-- Opening Marker --
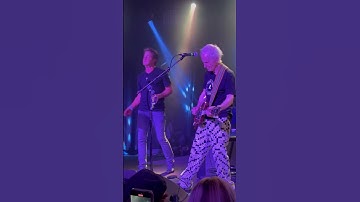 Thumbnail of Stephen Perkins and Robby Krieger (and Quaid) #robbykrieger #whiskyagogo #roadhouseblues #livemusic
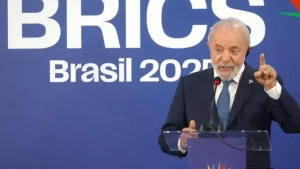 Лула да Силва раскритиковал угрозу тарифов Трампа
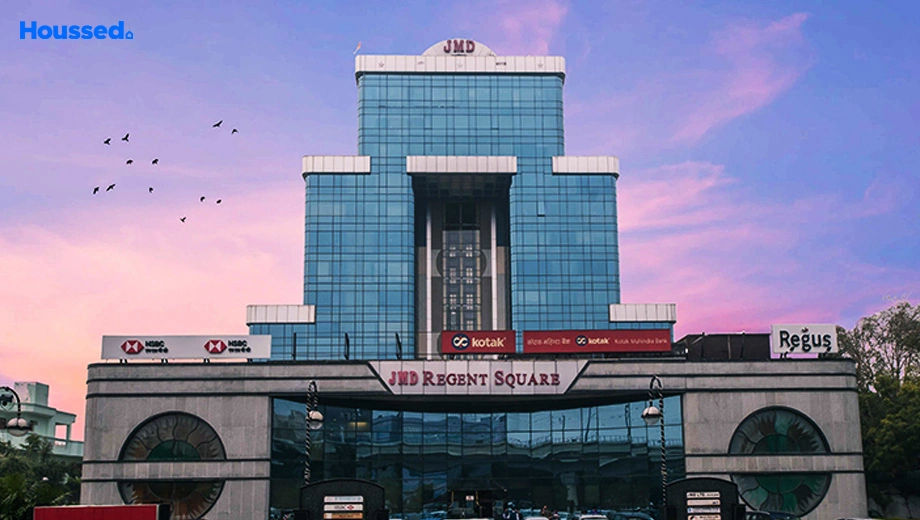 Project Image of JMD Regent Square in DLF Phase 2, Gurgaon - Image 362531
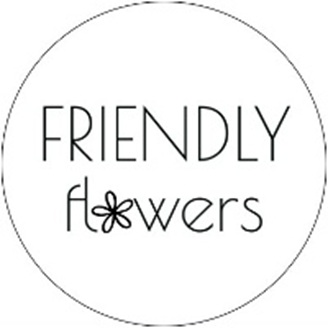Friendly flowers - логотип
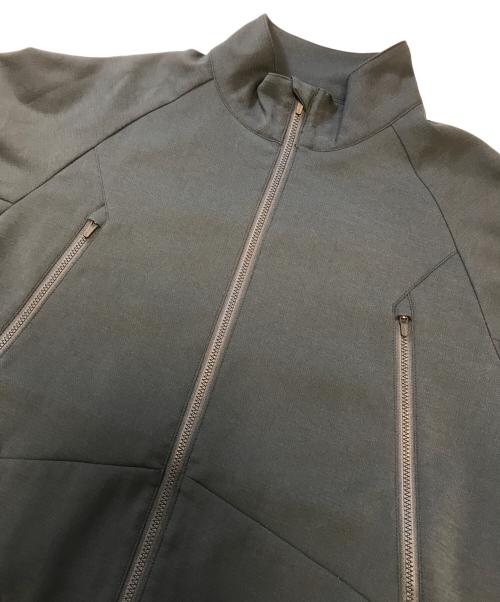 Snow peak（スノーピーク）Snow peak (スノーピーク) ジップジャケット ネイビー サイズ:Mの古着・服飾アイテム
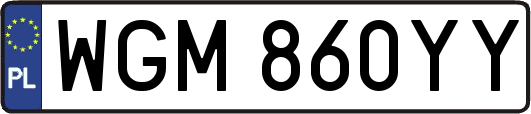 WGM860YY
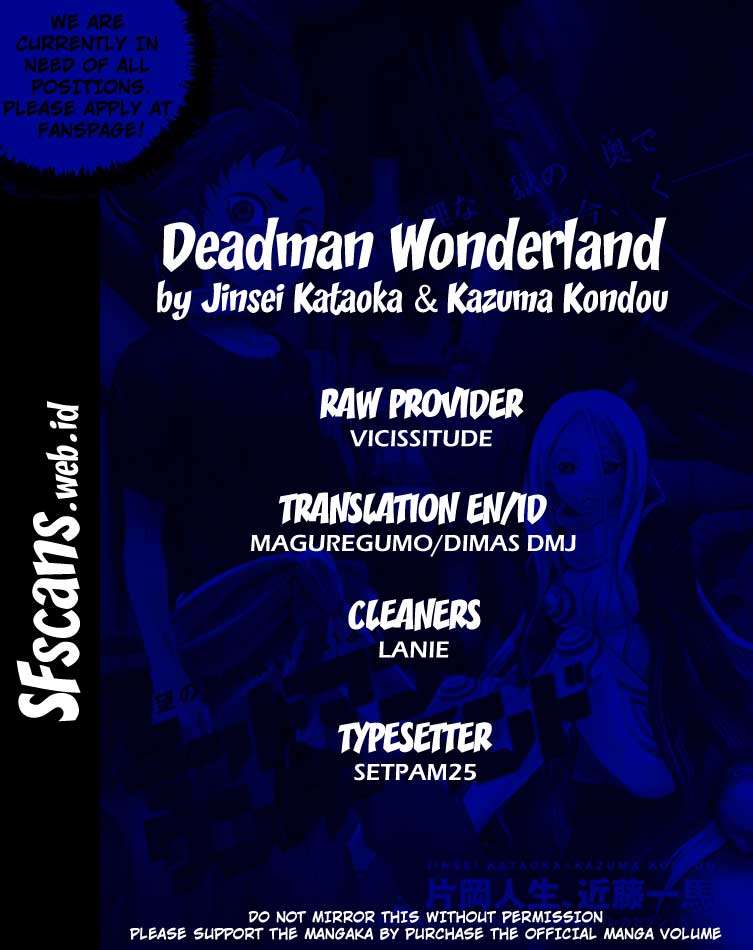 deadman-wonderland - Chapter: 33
-- Closing Marker --
A word-for-word copy of the listing is the goal; keep every picture out of it.

Result for this exercise:
 Thumbnail of Stephen Perkins and Robby Krieger (and Quaid) #robbykrieger #whiskyagogo #roadhouseblues #livemusic
 Лула да Силва раскритиковал угрозу тарифов Трампа
 Project Image of JMD Regent Square in DLF Phase 2, Gurgaon - Image 362531
Friendly flowers - логотип
 Snow peak（スノーピーク）Snow peak (スノーピーク) ジップジャケット ネイビー サイズ:Mの古着・服飾アイテム
 WGM860YY
 deadman-wonderland - Chapter: 33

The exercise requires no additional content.